Pada tahun 2023, mahasiswa internasional akan mencapai 16% dari total pendaftaran universitas di Jerman, setara dengan hampir setengah juta orang. Daya tariknya berasal dari pelatihan berkualitas tinggi dan kebijakan imigrasi yang terbuka. Negara-negara pengirim mahasiswa terbanyak ke Jerman adalah India dengan hampir 50.000 orang, Tiongkok dengan lebih dari 42.000 orang, diikuti oleh Turki, Suriah, dan Austria.
Pembeda utama Jerman terletak pada kemampuannya mempertahankan talenta. Sekitar 45% mahasiswa internasional tetap bekerja di Jerman setelah 10 tahun, tertinggi di OECD dan bahkan melampaui Kanada. Angka ini mencerminkan kebutuhan mendesak ekonomi Jerman; pada tahun 2030, negara ini akan kekurangan sekitar 2 juta pekerja berkeahlian tinggi. Dalam konteks ini, universitas bukan hanya tempat belajar, tetapi juga pintu gerbang menuju pasar tenaga kerja.
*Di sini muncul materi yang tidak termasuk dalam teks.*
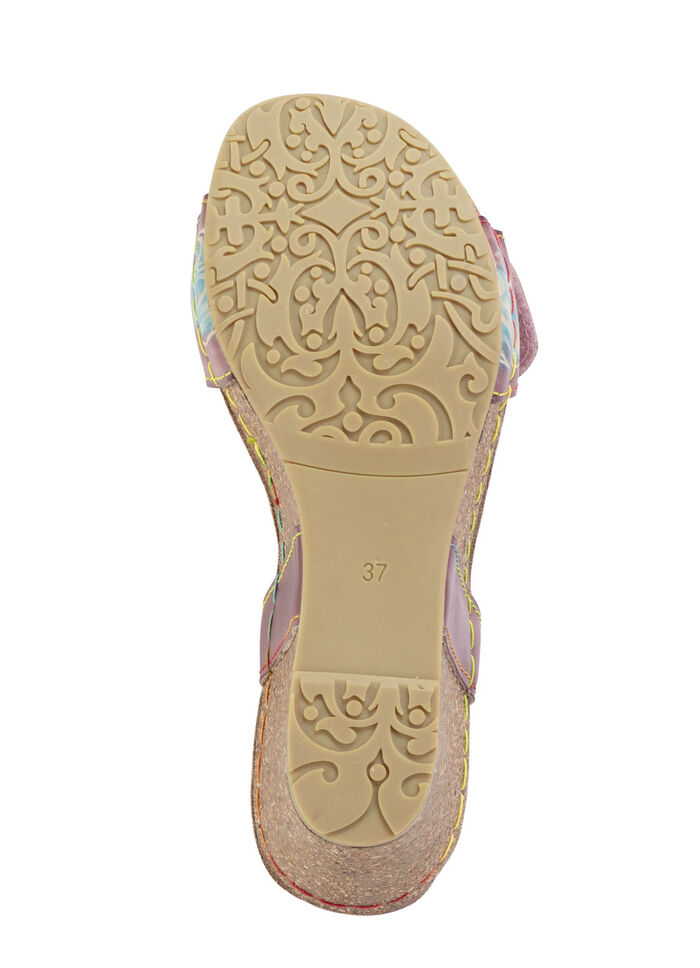 Laura Vita Sandalette mit Bl&uuml;tenschmuck BURGUND-BUNT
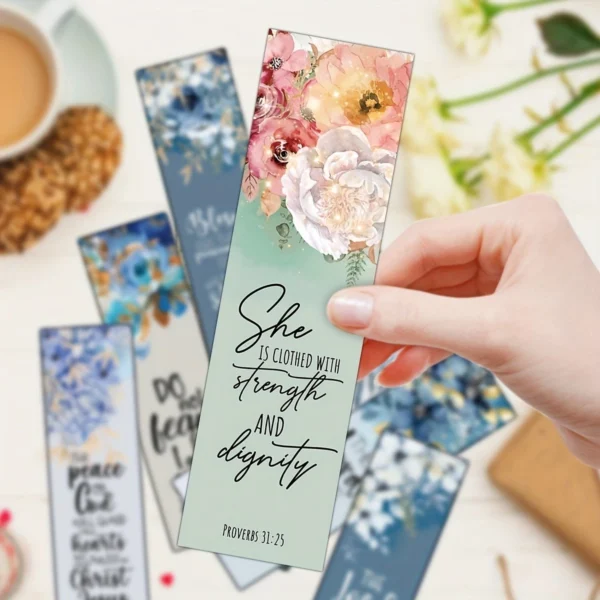 30 Elegant Floral Flower Bible Verse Bookmarks 4cm x 15cm - Image 6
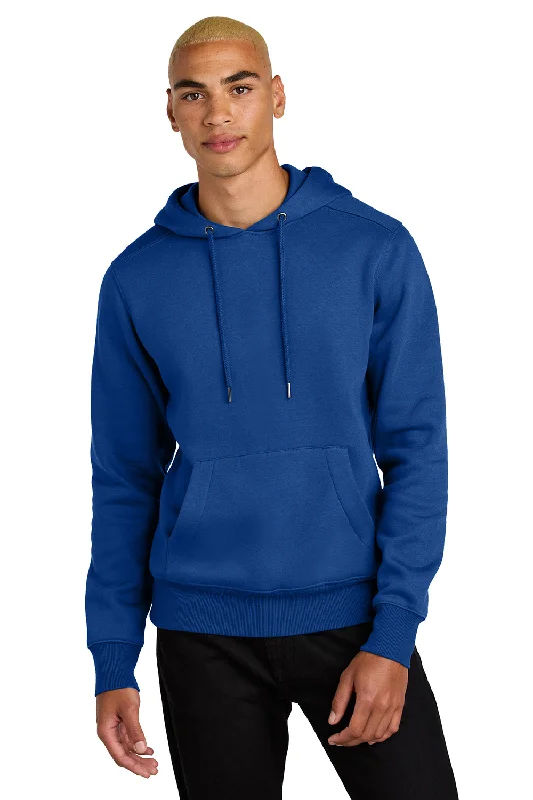 District Mens Perfect Weight Fleece Hooded Sweatshirt Hoodie w/ Pouch Pocket - Deep Royal Blue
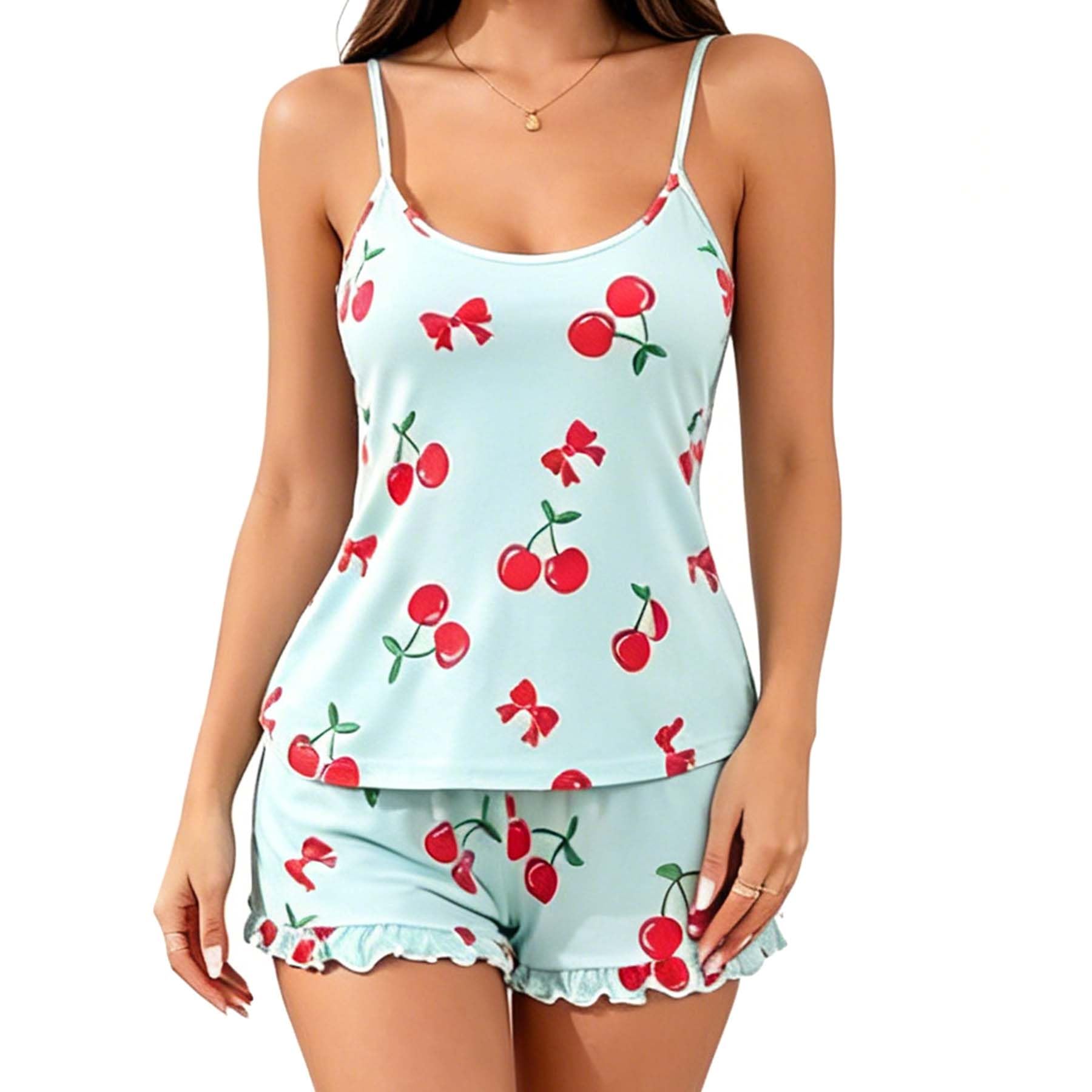 2 Piece Cute Cherry Pjs Set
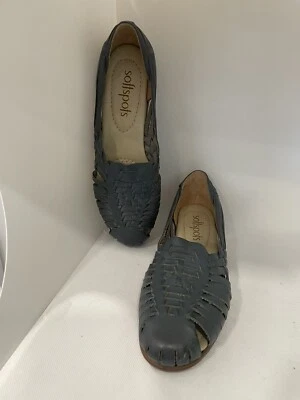 sapatos softspots femininos 7N MTB3 couro azul superior - Imagem 1 de 4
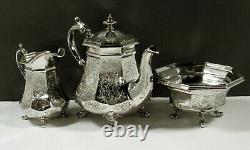 Gelston Ladd Co. Silver Tea Set c1840 CHINESE MANNER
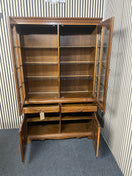 Tall stained oak glass display case (H 186 x W 116 x D 42 cm) 44664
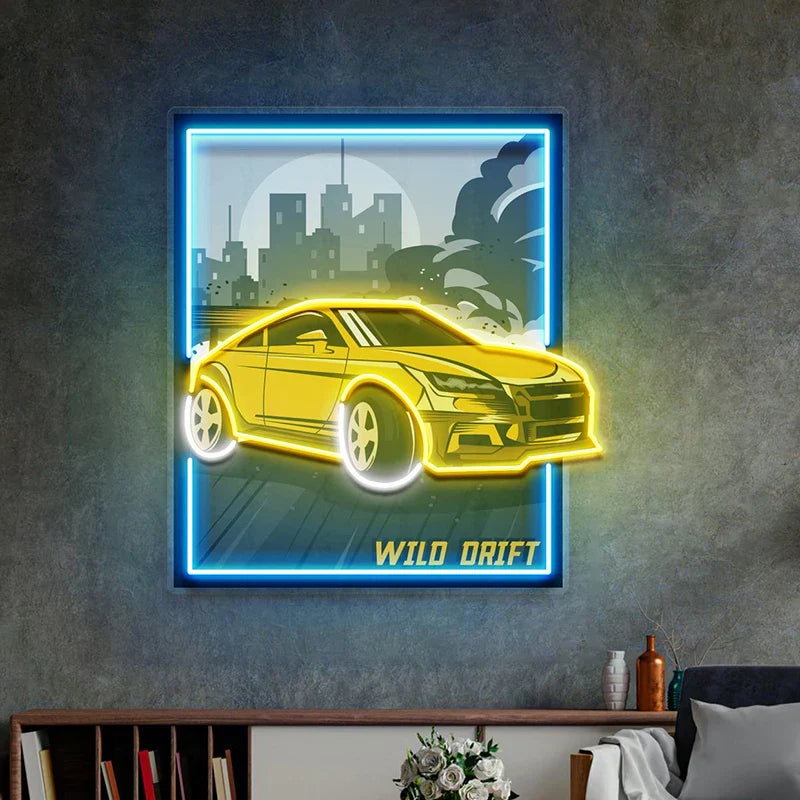 Custom Car Neon Sign Retro Car Neon Light Man Cave Decor Bedroom Wall Hangings Garage Decor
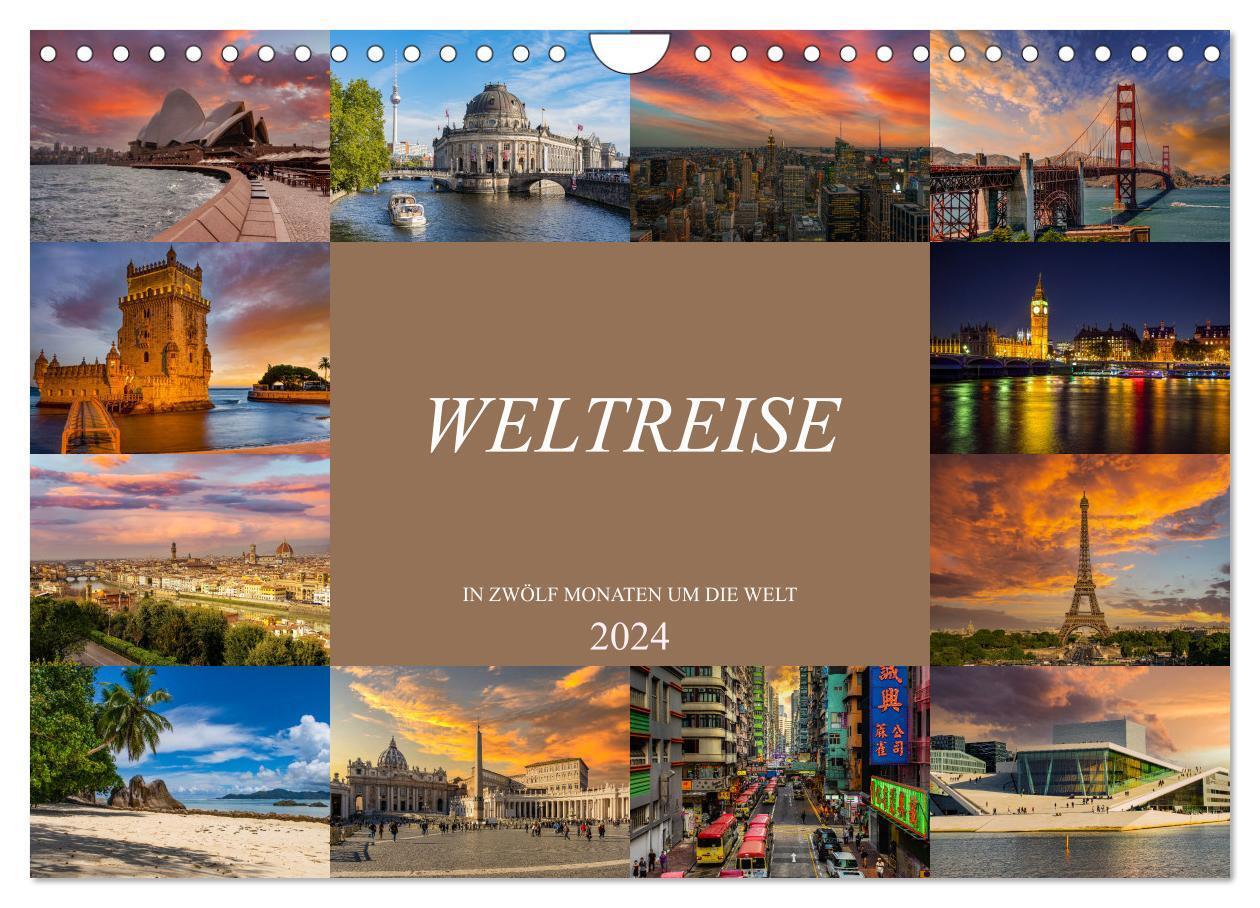 Cover: 9783675797338 | Weltreise - In zwölf Monaten um die Welt (Wandkalender 2024 DIN A4...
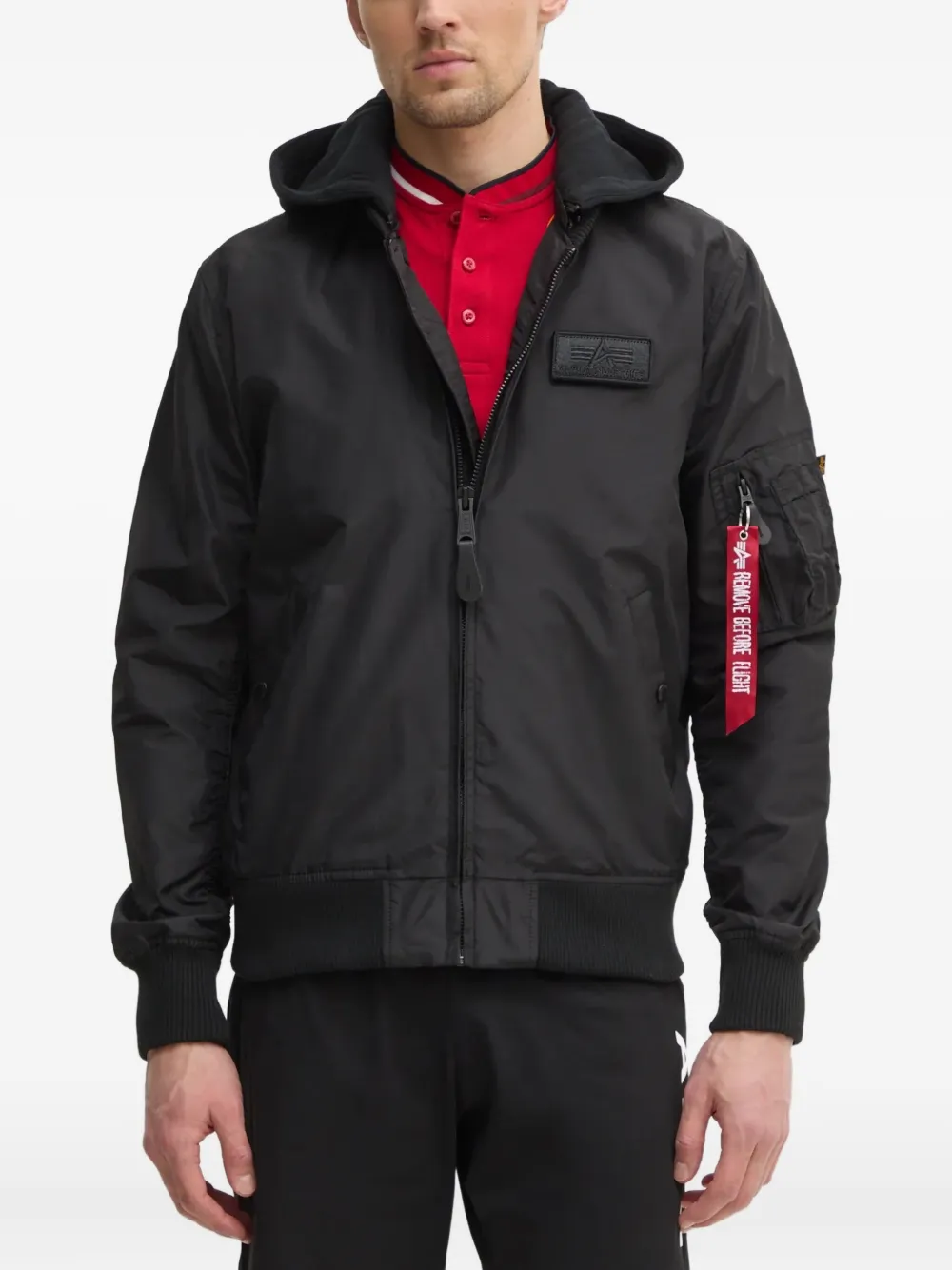 Куртка с капюшоном и логотипом Alpha Industries, черный 
Куртка с капюшоном и логотипом Alpha Industries, черный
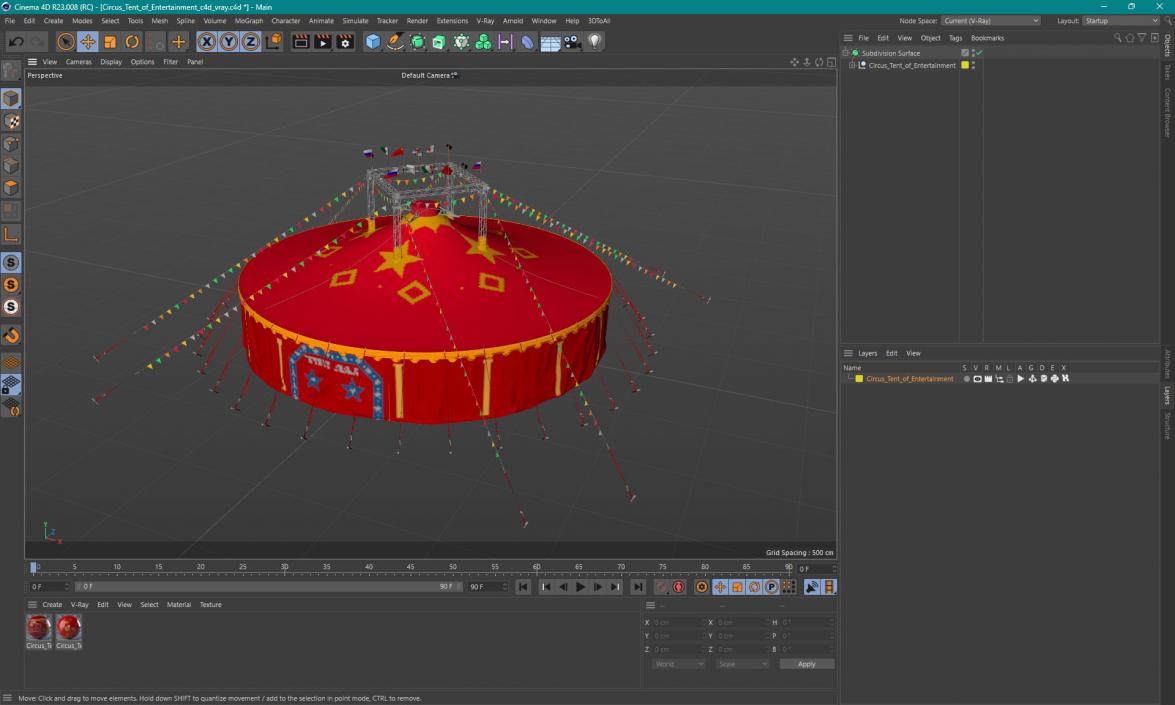 3D Circus Tent of Entertainment model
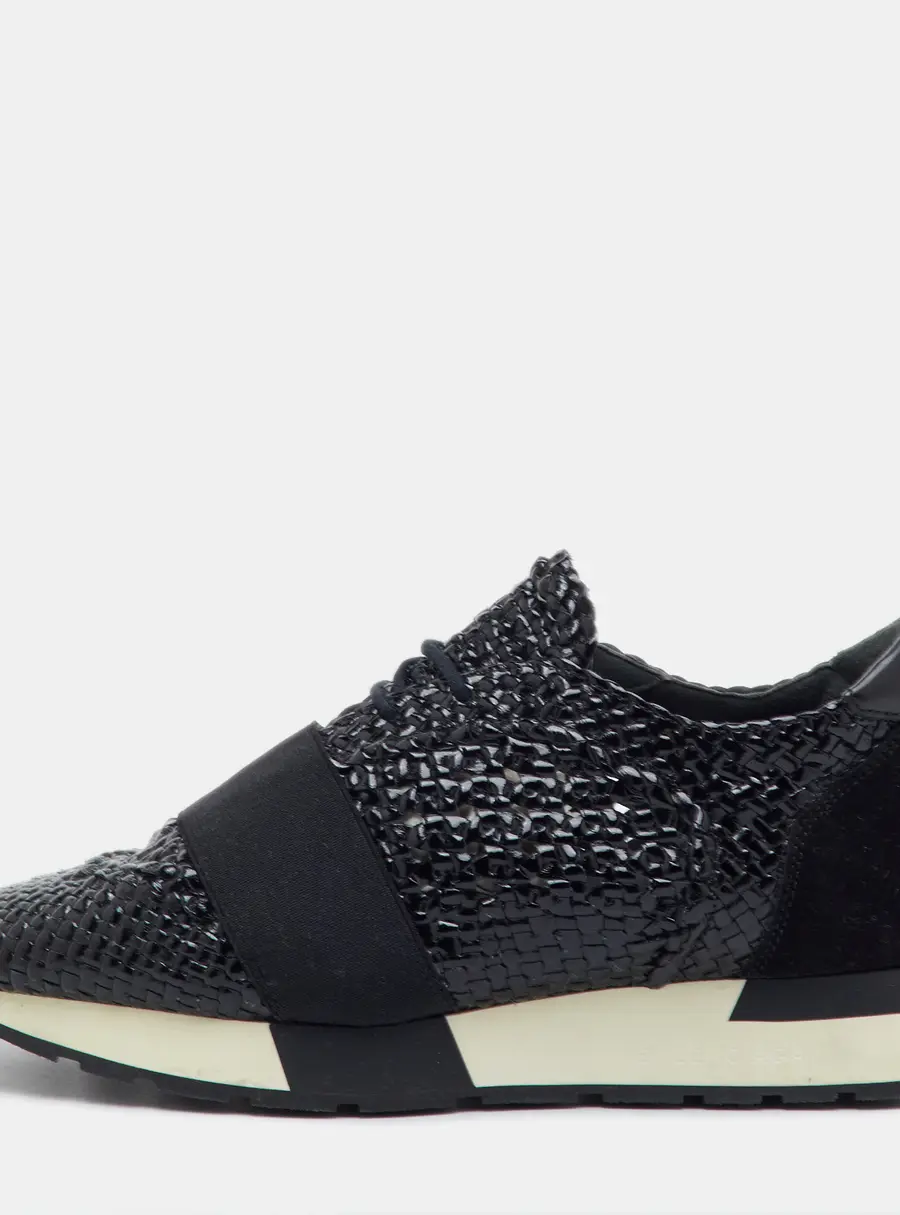 Balenciaga Race Runner Size 39 Black Woven Patent Leather, Stretch Band and Suede Low Top Sneakers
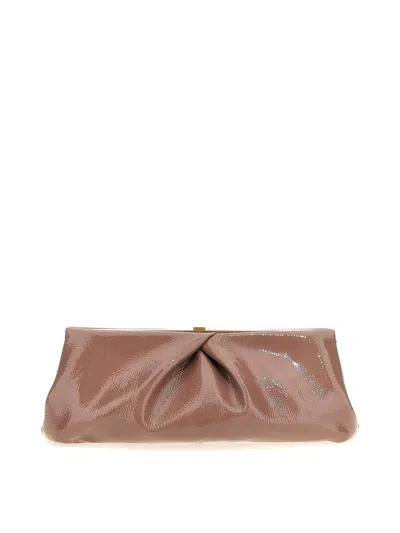 Dries Van Noten Patent Clutch In Nude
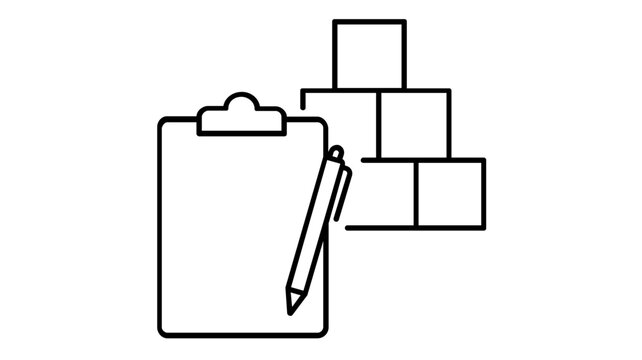 Inventory count vector icon illustration featuring a clipboard with a pen and a stack of boxes. Clean minimalist line art style for business, logistics, warehouse management, and stock control.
Namun, pasar tenaga kerja, atau dengan kata lain, hasil lulusan mahasiswa di Jerman dan Eropa, dianggap kurang menarik dibandingkan di AS.
"AS dikenal dengan pasar tenaga kerjanya yang fleksibel, yang mudah menyerap bakat. Sebaliknya, Eropa telah lama dianggap sebagai pasar yang kaku dan terfragmentasi. Namun, reformasi dalam beberapa tahun terakhir telah membantu Jerman dan negara-negara Uni Eropa lainnya secara bertahap mengejar ketertinggalan, terutama di bidang penelitian lanjutan yang sulit diakses di AS," kata Andreas Schleicher, Direktur Pendidikan dan Keterampilan, OECD.
Seiring dengan semakin jelasnya hambatan di AS, pilihan untuk belajar di luar negeri menjadi pertimbangan yang matang. Di satu sisi, AS masih memiliki keunggulan besar dalam hal branding dan peluang karier setelah lulus. Namun di sisi lain, perluasan peluang dari Jerman, Kanada, dan bahkan Tiongkok menarik minat mahasiswa yang tidak hanya ingin belajar tetapi juga ingin menetap dalam jangka panjang.
Terlihat bahwa dari AS hingga Eropa, Tiongkok, atau bahkan Timur Tengah, setiap negara membuka—atau menutup—pintunya sendiri bagi para talenta. Arah yang dipilih oleh para talenta bergantung pada peluang, kondisi kehidupan, dan strategi pembangunan jangka panjang masing-masing negara.